A trip through the Graphics Pipeline 2011_13 Compute Shaders, UAV, atomic, structured buffer
Welcome back to what’s going to be the last “official” part of this series – I’ll do more GPU-related posts in the future, but this series is long enough already. We’ve been touring all the regular parts of the graphics pipeline, down to different levels of detail. Which leaves one major new feature introduced in DX11 out: Compute Shaders. So that’s gonna be my topic this time around.
For this series, the emphasis has been on overall dataflow at the architectural level, not shader execution (which is explained well elsewhere). For the stages so far, that meant focusing on the input piped into and output produced by each stage; the way the internals work was usually dictated by the shape of the data. Compute shaders are different – they’re running by themselves, not as part of the graphics pipeline, so the surface area of their interface is much smaller.
In fact, on the input side, there’s not really any buffers for input data at all. The only input Compute Shaders get, aside from API state such as the bound Constant Buffers and resources, is their thread index. There’s a tremendous potential for confusion here, so here’s the most important thing to keep in mind: a “thread” is the atomic unit of dispatch in the CS environment, and it’s a substantially different beast from the threads provided by the OS that you probably associate with the term. CS threads have their own identity and registers, but they don’t have their own Program Counter (Instruction Pointer) or stack, nor are they scheduled individually.
That explains the “thread” and “warp” levels. Above that is the “thread group” level, which deals with – who would’ve thought? – groups of threads. The size of a thread group is specified during shader compilation. In DX11, a thread group can contain anywhere between 1 and 1024 threads, and the thread group size is specified not as a single number but as a 3-tuple giving thread x, y, and z coordinates. This numbering scheme is mostly for the convenience of shader code that addresses 2D or 3D resources, though it also allows for traversal optimizations. At the macro level, CS execution is dispatched in multiples of thread groups; thread group IDs in D3D11 again use 3D group IDs, same as thread IDs, and for pretty much the same reasons.
The above description makes it sound like thread groups are a fairly arbitrary middle level in this hierarchy. However, there’s one important bit missing that makes thread groups very special indeed: Thread Group Shared Memory (TGSM). On DX11 level hardware, compute shaders have access to 32k of TGSM, which is basically a scratchpad for communication between threads in the same group. This is the primary (and fastest) way by which different CS threads can communicate.
Group Synchronization. A Group Synchronization Barrier forces all threads inside the current group to reach the barrier before any of them may consume past it.
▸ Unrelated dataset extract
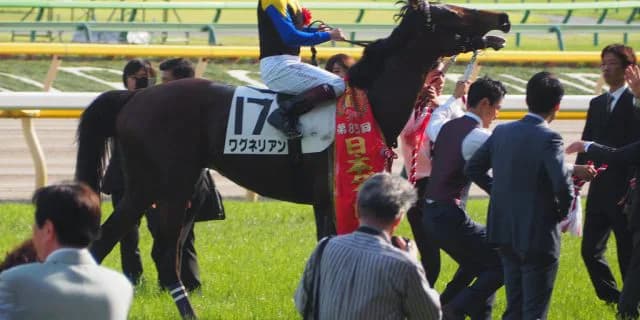 【神戸新聞杯2018予想】ワグネリアン、ひと夏越して体も一段と成長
Once a Warp reaches such a barrier, it will be flagged as non-runnable, same as if it was waiting for a memory or texture access to complete. Once the last Warp reaches the barrier, the remaining Warps will be reactivated. This all happens at the Warp scheduling level; it adds additional scheduling constraints, which may cause stalls, but there’s no need for atomic memory transactions or anything like that; other than lost utilization at the micro level, this is a reasonably cheap operation.
Group Memory Barriers. Since all threads within a group run on the same shader unit, this basically amounts to a pipeline flush, to ensure that all pending shared memory operations are completed. There’s no need to synchronize with resources external to the current shader unit, which means it’s again reasonably cheap.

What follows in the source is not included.